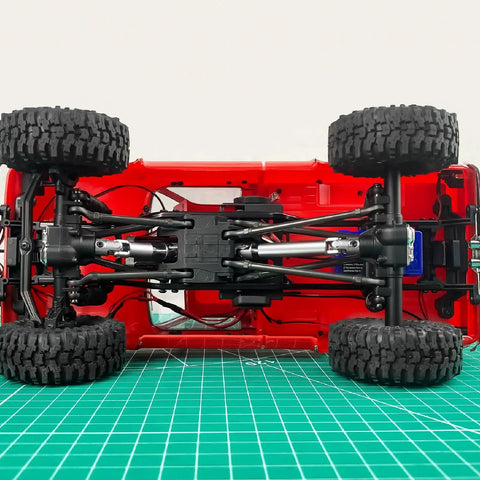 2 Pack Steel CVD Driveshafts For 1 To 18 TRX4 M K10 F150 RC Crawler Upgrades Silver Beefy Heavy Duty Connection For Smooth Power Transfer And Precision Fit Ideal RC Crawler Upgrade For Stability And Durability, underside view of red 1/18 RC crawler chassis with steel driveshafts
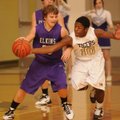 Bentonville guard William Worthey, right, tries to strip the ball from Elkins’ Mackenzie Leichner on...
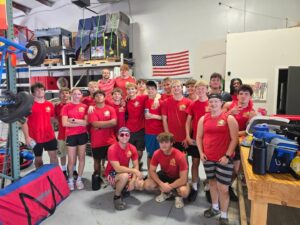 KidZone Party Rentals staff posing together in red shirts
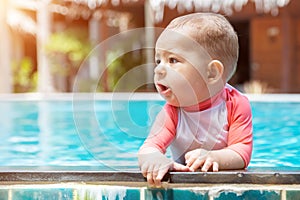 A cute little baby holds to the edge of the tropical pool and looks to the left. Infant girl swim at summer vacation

...

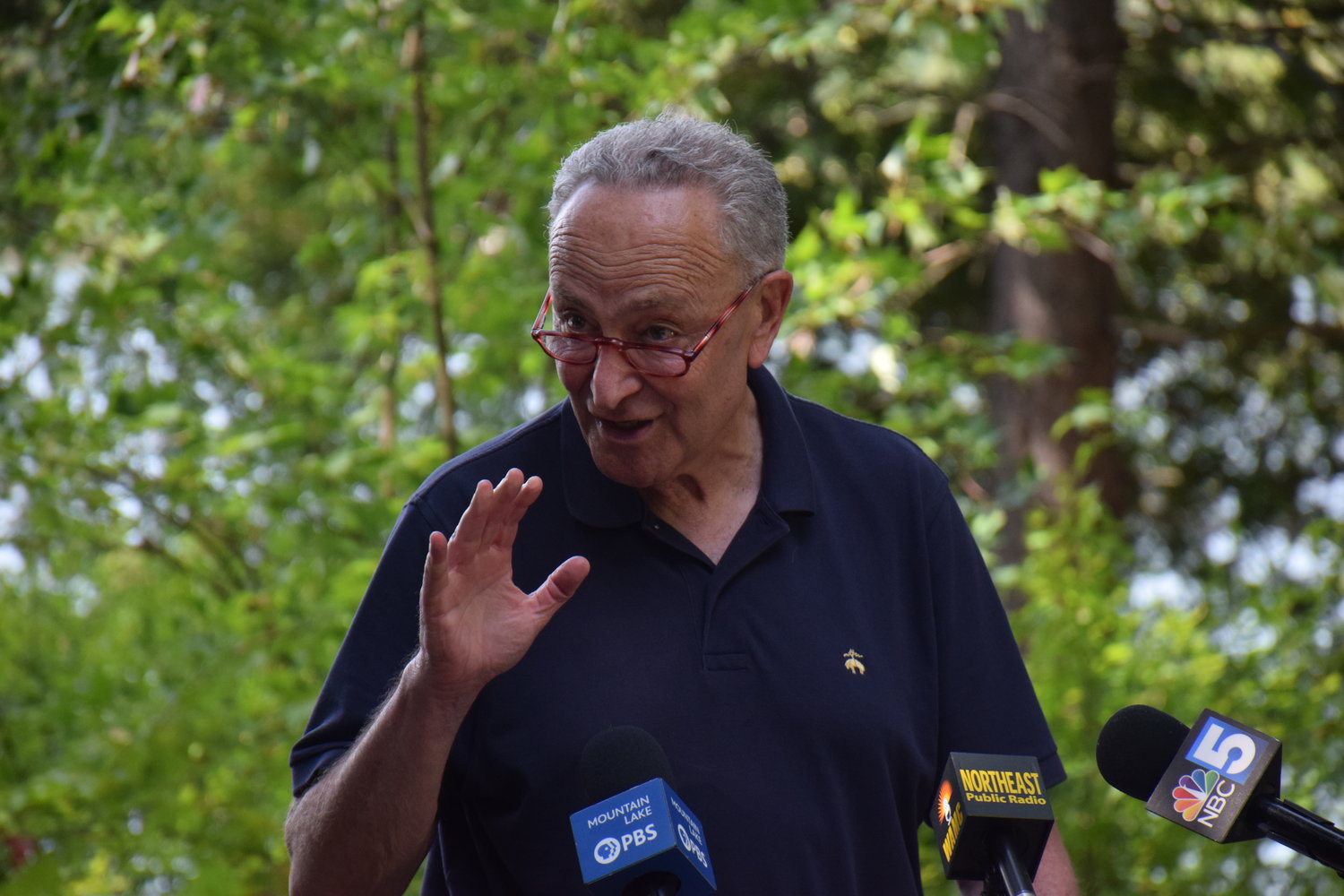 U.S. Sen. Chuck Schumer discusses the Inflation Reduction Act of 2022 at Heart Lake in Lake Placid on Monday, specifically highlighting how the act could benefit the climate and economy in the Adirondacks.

#### [Work task]
Make an exact copy of the lines above, beginning with the line with "2 Pack Steel" and ending with the line with "A cute little", and keep the pictures out of it.

#### [Written response]
 2 Pack Steel CVD Driveshafts For 1 To 18 TRX4 M K10 F150 RC Crawler Upgrades Silver Beefy Heavy Duty Connection For Smooth Power Transfer And Precision Fit Ideal RC Crawler Upgrade For Stability And Durability, underside view of red 1/18 RC crawler chassis with steel driveshafts
 Bentonville guard William Worthey, right, tries to strip the ball from Elkins’ Mackenzie Leichner on...
 KidZone Party Rentals staff posing together in red shirts
 A cute little baby holds to the edge of the tropical pool and looks to the left. Infant girl swim at summer vacation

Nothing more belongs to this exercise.